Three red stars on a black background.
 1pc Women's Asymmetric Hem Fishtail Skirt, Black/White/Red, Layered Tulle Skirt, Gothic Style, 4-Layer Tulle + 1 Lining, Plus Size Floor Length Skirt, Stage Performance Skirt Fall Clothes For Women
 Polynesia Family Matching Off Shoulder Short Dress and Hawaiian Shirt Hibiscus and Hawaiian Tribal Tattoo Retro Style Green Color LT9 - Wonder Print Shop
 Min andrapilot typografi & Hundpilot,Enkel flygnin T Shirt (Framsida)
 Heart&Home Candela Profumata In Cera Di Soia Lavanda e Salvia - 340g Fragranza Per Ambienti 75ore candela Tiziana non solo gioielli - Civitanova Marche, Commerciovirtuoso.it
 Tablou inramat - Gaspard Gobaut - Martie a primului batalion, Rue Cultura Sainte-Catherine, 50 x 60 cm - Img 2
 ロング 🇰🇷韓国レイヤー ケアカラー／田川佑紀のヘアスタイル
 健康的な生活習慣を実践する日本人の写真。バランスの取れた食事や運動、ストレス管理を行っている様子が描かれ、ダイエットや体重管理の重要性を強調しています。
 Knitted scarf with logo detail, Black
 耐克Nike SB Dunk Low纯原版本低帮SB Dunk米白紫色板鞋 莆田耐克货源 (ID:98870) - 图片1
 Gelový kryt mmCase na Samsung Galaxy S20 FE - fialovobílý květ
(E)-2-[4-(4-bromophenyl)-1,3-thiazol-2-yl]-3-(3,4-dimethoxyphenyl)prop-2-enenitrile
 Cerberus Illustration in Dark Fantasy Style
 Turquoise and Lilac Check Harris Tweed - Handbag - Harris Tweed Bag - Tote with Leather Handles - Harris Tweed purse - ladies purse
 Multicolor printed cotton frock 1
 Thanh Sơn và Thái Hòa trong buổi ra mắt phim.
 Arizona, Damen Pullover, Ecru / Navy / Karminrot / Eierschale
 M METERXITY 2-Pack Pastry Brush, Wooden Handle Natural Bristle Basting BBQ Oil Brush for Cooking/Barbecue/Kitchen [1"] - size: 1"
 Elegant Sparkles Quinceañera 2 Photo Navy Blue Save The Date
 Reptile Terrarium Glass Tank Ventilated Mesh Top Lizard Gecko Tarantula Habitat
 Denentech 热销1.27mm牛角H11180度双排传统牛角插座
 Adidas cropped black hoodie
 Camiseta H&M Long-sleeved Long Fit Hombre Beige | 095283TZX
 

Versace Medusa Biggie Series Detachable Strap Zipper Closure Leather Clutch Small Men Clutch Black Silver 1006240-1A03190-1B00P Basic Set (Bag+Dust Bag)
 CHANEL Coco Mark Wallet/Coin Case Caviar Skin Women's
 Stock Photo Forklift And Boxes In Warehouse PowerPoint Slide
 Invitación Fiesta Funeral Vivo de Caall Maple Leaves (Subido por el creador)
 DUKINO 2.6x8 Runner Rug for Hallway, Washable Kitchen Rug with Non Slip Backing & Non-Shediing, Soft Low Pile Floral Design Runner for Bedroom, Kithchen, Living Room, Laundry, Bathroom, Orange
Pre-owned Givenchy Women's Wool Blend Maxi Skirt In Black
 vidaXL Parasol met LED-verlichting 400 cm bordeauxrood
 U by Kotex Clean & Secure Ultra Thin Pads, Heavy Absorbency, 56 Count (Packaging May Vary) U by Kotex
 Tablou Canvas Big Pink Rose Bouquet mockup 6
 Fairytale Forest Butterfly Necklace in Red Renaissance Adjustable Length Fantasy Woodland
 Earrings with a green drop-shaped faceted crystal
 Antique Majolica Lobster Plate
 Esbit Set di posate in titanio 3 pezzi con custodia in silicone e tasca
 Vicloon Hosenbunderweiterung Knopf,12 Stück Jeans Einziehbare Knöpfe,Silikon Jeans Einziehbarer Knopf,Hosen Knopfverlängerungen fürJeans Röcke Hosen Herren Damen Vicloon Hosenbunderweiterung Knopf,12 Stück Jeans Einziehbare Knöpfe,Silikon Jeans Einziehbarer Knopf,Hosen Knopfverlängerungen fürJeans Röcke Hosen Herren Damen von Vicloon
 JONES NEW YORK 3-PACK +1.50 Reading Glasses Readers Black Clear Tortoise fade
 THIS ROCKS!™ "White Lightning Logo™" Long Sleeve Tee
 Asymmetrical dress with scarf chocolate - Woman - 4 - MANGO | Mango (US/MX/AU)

---------------

From the records above, extract exactly and only the lines that begin at the line with "Earrings with a" and stop after the line with "Esbit Set di".

WRITTEN REPLY —
 Earrings with a green drop-shaped faceted crystal
 Antique Majolica Lobster Plate
 Esbit Set di posate in titanio 3 pezzi con custodia in silicone e tasca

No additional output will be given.